**Task goal**
Below is a listing to transcribe in full and exactly; keep the pictures out.

--- Collected data Enclosed Below ---

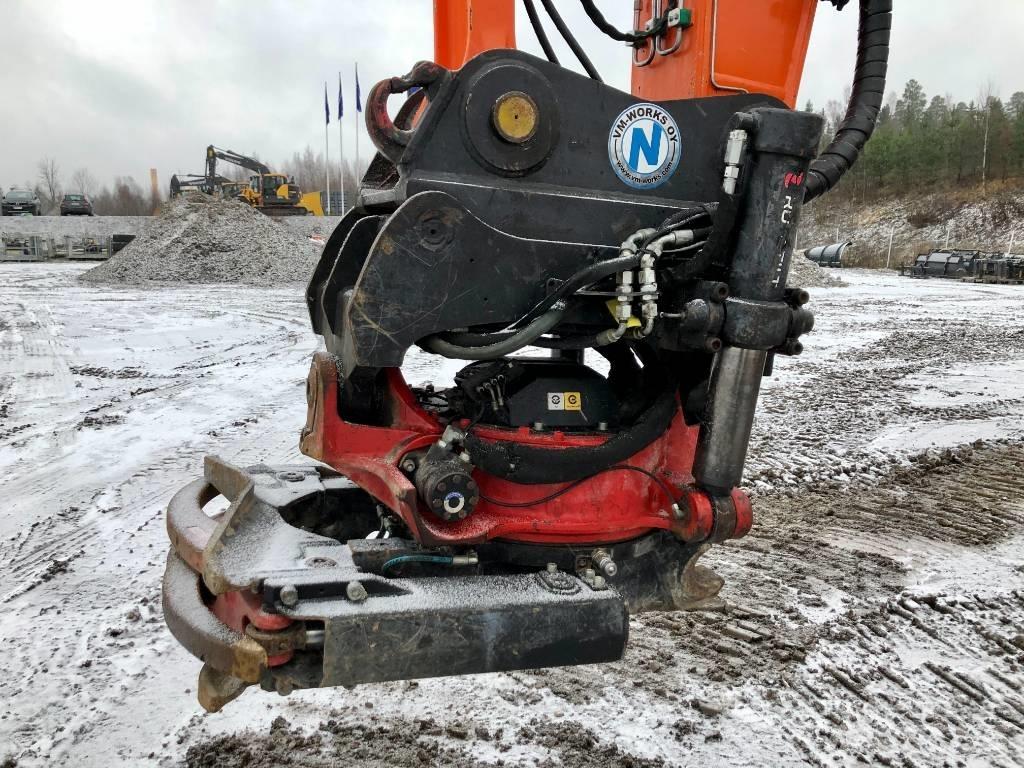 Hitachi ZX225USRLC-6 Paletli ekskavatörler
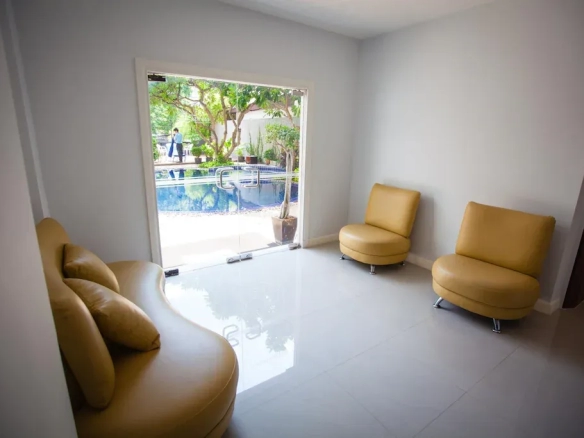 Outdoor swimming pool facility within city hotel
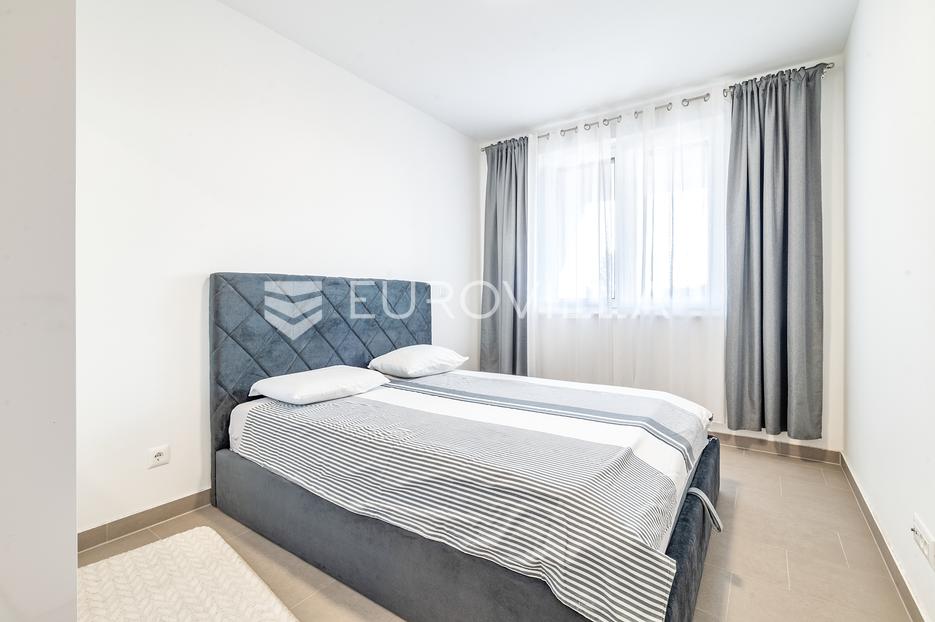 Flat For sale -  Peščenica - Žitnjak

--- End of Enclosed Collected data ---

**Written response**
 Hitachi ZX225USRLC-6 Paletli ekskavatörler
 Outdoor swimming pool facility within city hotel
 Flat For sale -  Peščenica - Žitnjak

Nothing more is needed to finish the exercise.